Hobby Lobby has agreed to return thousands of Iraqi artifacts that had been mislabeled and smuggled into the United States.
According to federal prosecutors, Hobby Lobby purchased more than 5,500 artifacts, including clay tablets and blocks with ancient cuneiform writing in 2010 from an antiquities dealer in the United Arab Emirates. In 2011 the company obtained about 1,000 clay bullae, an ancient form of inscribed identification, from an Israeli dealer who falsely claimed the shipment originated from Israel.
The federal civil complaint said Hobby Lobby failed to heed the warning of a cultural property law expert who said the artifacts might have been looted from archaeological sites in Iraq.
“We should have exercised more oversight and carefully questioned how the acquisitions were handled,” said Hobby Lobby President, Steve Green. “Hobby Lobby has cooperated with the government throughout its investigation, and with the announcement of today’s settlement agreement, is pleased the matter has been resolved.”
“In 2009, Hobby Lobby began acquiring a variety of historical Bibles and other artifacts.

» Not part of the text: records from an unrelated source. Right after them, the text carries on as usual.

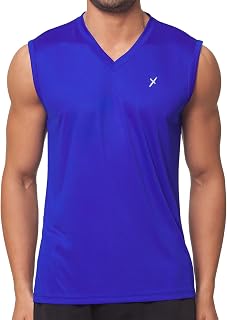 CFLEX Men's Sports Shirt, Fitness Muscle Shirt, Sportswear Collection L Royal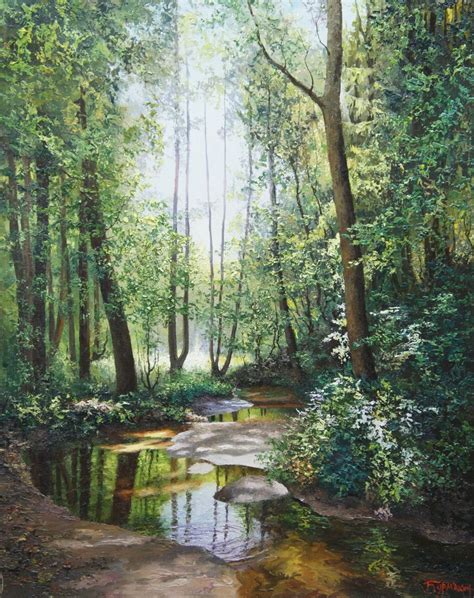 Forest Stream 2016 Oil Painting By Evgeny Burmakin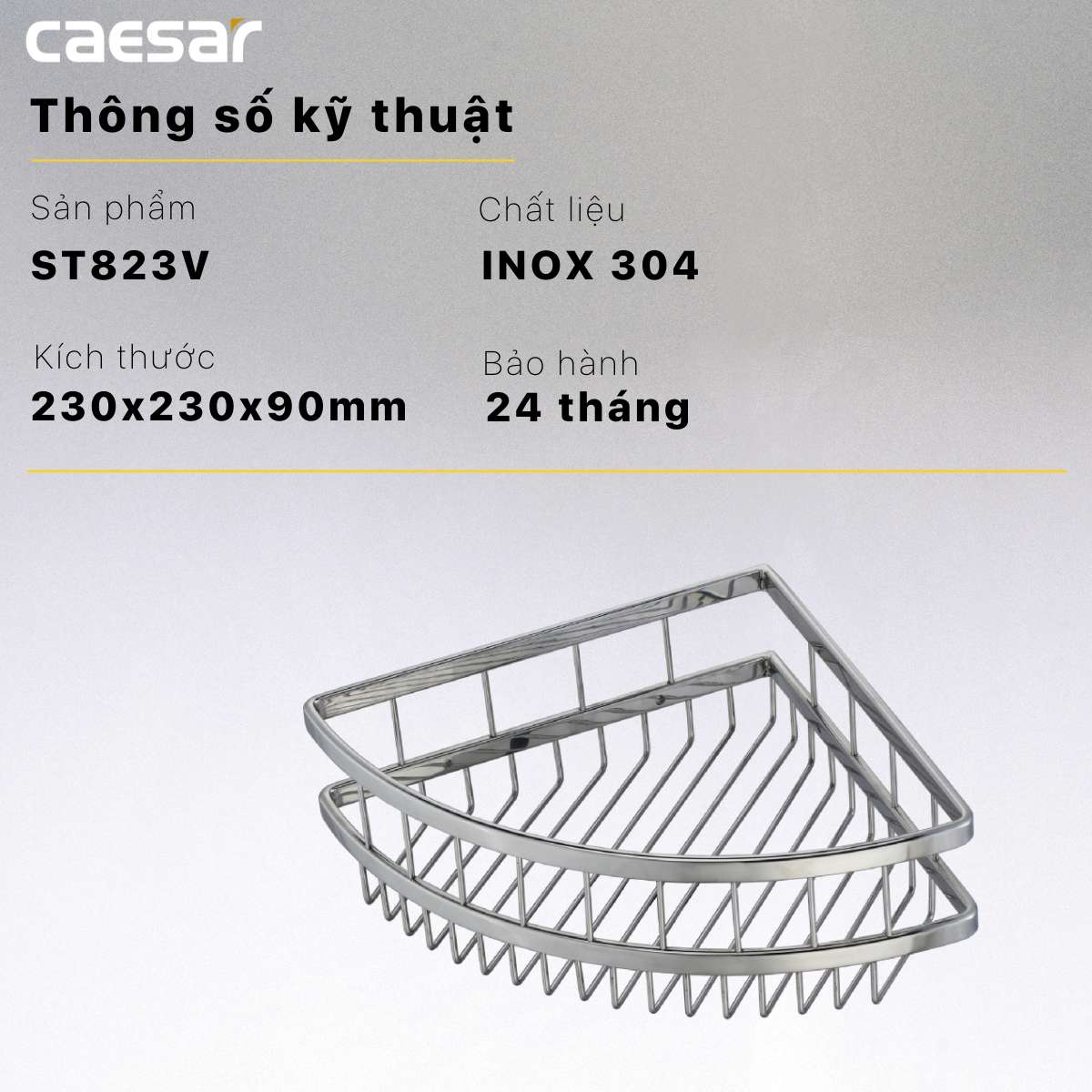 Kệ góc inox Caesar ST823V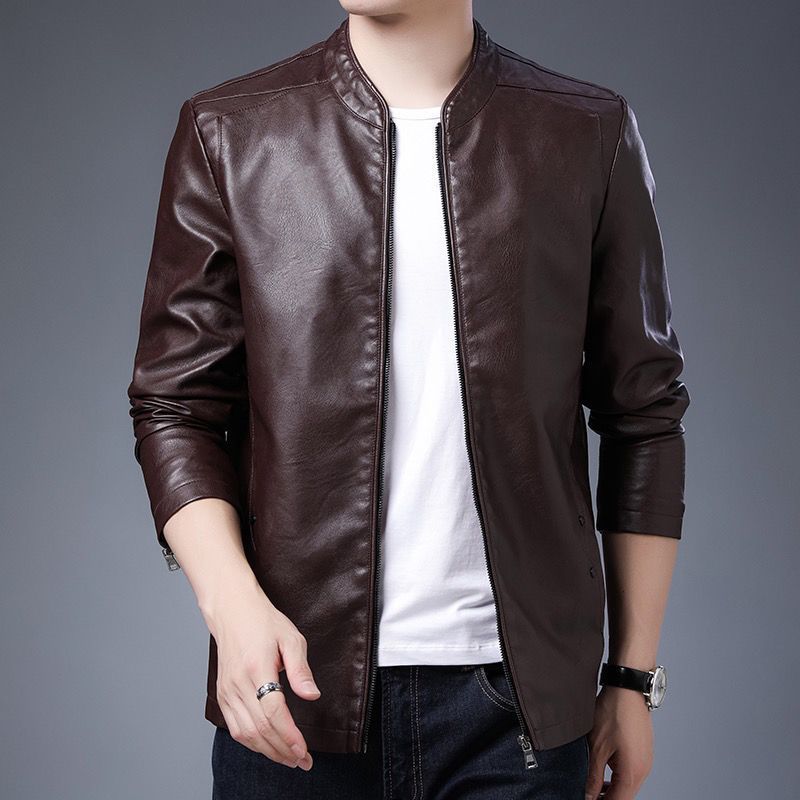 Herren schmal geschnittenes Kunstleder-Flightblouson mit Stehkragen und Reißverschluss Shop Nory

The goals were to preserve these items for future generations, to provide broad access to scholars and students alike to study them, and to share the collection with the world in public institutions and museums.”
“The Company imprudently relied on dealers and shippers who, in hindsight, did not understand the correct way to document and ship these items. At no time did Hobby Lobby ever purchase items from dealers in Iraq or from anyone who indicated that they acquired items from that country. Hobby Lobby condemns such conduct and has always acted with the intent to protect ancient items of cultural and historical importance.”
The Department of Justice and Hobby Lobby have agreed to a settlement in which Hobby Lobby consented to the forfeiture of the artifacts and agreed to pay a fine of $3 million. Hobby Lobby further agreed to adopt internal policies and procedures governing its importation and purchase of cultural property, provide appropriate training to its personnel, hire qualified outside customs counsel and customs brokers, and submit quarterly reports to the government on any cultural property acquisitions for the next eighteen months.
In 2010 Green began construction of the eight-story, $500 million Museum of the Bible in Washington, D.C. The museum, which is scheduled to open in November, houses Green’s collection of tens of thousands of biblical artifacts.